Business
CBN Investigator Confirms Buhari’s Nephew, Not Former President Approved Naira Redesign

The Special Investigator on the Central Bank of Nigeria and Related Entities, Jim Obazee, has indicated that the recent naira redesign wasn’t expressly approved by former President Muhammadu Buhari.
Obazee had gathered that the approval came from Buhari’s aide, Sabiu Tunde ‘Yusuf’.
This was contained in the investigator’s final report tagged, ‘Report of the Special Investigation on CBN and Related Entities (Chargeable Offences) submitted to President Bola Tinubu on Wednesday.
Recall that Obazee, a former Executive Secretary of the Financial Reporting Council of Nigeria, was named by Tinubu as the CBN special investigator in a letter dated July 28, 2023.
The report revealed that it was the embattled former CBN governor, Godwin Emefiele, who, in collaboration with Sabiu, implemented the naira redesign.

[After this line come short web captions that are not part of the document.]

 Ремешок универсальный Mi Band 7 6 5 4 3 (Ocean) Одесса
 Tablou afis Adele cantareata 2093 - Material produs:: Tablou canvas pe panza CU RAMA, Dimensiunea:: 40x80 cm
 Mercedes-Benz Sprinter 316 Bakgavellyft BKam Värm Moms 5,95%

Sabiu is the former President’s nephew.
The PUNCH reports that Emefiele, who is currently in Kuje Custodial Centre, is being prosecuted for N1.2bn in procurement fraud.
He has not been able to perfect the N300m bail granted him by the High Court of the Federal Capital Territory on November 22, 2023.

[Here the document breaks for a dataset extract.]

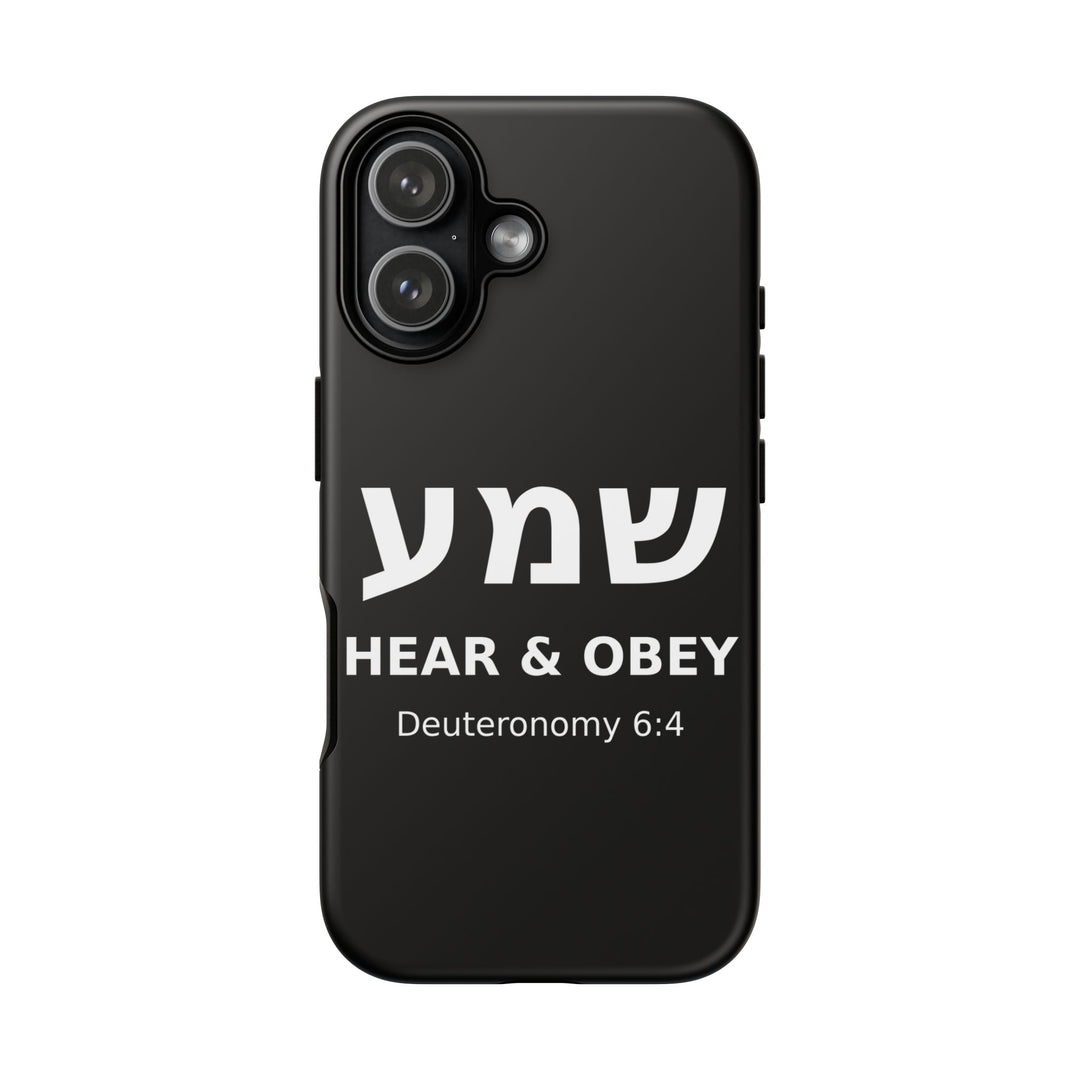 SHEMA (Hear. Obey.) Christian Phone Case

However, documents obtained by The Punch on Thursday indicated that the former apex bank governor might face fresh criminal charges over the handling of the CBN naira redesign policy.
Emefiele could be “prosecuted for illegal issuance of currency under Section 19 of the CBN Act alongside Tunde Sabiu and the 12 top directors of the CBN.”

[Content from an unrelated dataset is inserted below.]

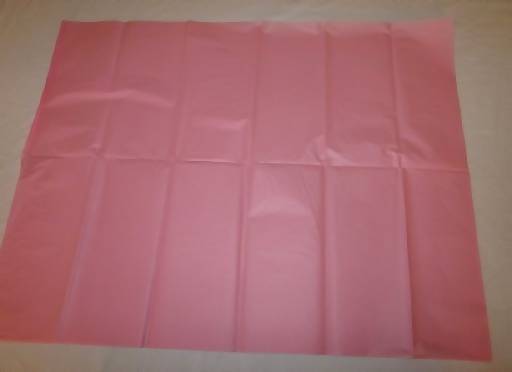 tissue paper laying flat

It was gathered that the naira redesign policy was sold to Buhari at the instance of Sabiu and that the initiative was done without the approval of the board of the CBN.
The investigator found that Buhari didn’t approve of the naira redesign. It was Tunde Sabiu who first told Emefiele in September 2022 to consider the redesign of the naira.
“On October 6, 2022, Emefiele wrote to Buhari that he wanted to redesign and reconfigure the N1000, N500, and N200 notes.
“The former president tagged along but did not approve the redesign as required by law. Buhari merely approved that the currency be printed in Nigeria. The redesign was only mentioned to the board of the CBN on December 15, 2022, after Emefiele had awarded the contract to Nigerian Security Printing and Minting Plc on October 31, 2022,’’ the documents noted.
Emefiele was said to have contracted the redesign of the naira to De La Rue of the UK for £205,000 under the vote of the head of the Currency Operations Department after Nigerian Security Printing and Minting Plc said it could not deliver the contract within a short timeframe.
It further showed that “the special investigator found that N61.5bn was earmarked for the printing of the new notes, out of which N31.79bn had been paid.
“As of August 9, 2023, findings revealed that N769bn of the new notes were in circulation.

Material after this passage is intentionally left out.